Remember “Back To the Future” taking us back to a nostalgic 1955? That was the year the B-52 entered active service in the Air Force. This Nearly Missed News shows how Grandpa’s B-52 Will Be Your Grandchild’s Badass Beast. Instead of Biff ruling in 2015, we will still have the BUFF (Big Ugly Fat F*cker) kicking ass and taking names until at least 2040.
No, that’s not a typo – Boeing built a plane beginning in 1952 that will still be operational 85 years after entering active service. Here’s Scout.com telling us how that is happening:
The Air Force is surging forward with a massive, fleet-wide modernization overhaul of the battle-tested, Vietnam-era B-52 bomber, an iconic airborne workhorse for the U.S. military dating back to the 1960s.

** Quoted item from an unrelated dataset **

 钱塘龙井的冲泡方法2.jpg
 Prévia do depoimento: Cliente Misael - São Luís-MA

Engineers are now equipping all 76 of the Air Force B-52s with digital data-links, moving-map displays, next-generation avionics, new radios and an ability to both carry more weapons internally and integrate new, high-tech weapons as they emerge, service officials said.
The technical structure and durability of the B-52 airframes in the Air Force fleet are described as extremely robust and able to keep flying well into the 2040s and beyond – so the service is taking steps to ensure the platform stays viable by receiving the most current and effective avionics, weapons and technologies, Air Force weapons developers told Scout Warrior in an interview last year.

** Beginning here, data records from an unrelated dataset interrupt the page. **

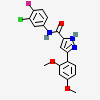 an image of a chemical structure CID 46920327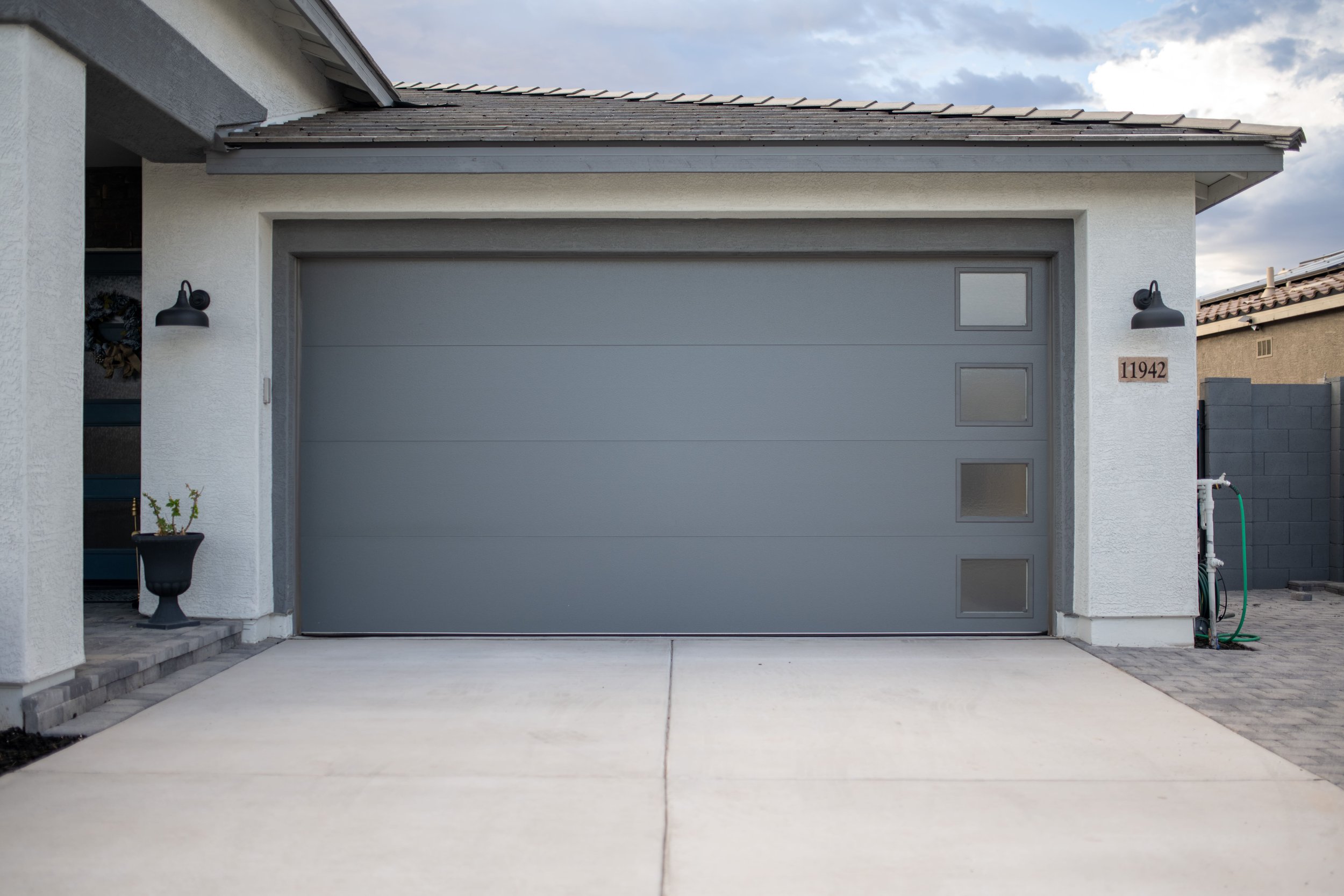 Garage Door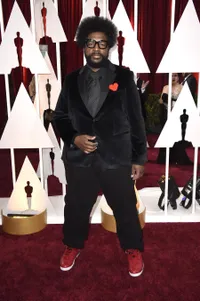 Foto Oscar Ahmir Questlove Thompson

Two distinct, yet interwoven B-52 modernization efforts will increase the electronics, communications technology, computing and avionics available in the cockpit while simultaneously configuring the aircraft with the ability to carry up to eight of the newest “J-Series” precision-guided weapons internally – in addition to carrying six weapons on each wing, officials said.
Eight B-52s have already received a communications (coms systems) upgrade called Combat Network Communication Technology, or CONECT – a radio, electronics and data-link upgrade which, among other things, allows aircraft crews to transfer mission and targeting data directly to aircraft systems while in flight (machine to machine), an Air Force official said.
Dear Secretary Mattis – Please have the geniuses behind this brilliance figure out how to upgrade the A-10 so it can be our great-great-grandchildren’s Go-To for close air support in 2100.
Dear Reader – Total cost for this effort, just over $ 1.4 billion
And No, that’s not a typo either.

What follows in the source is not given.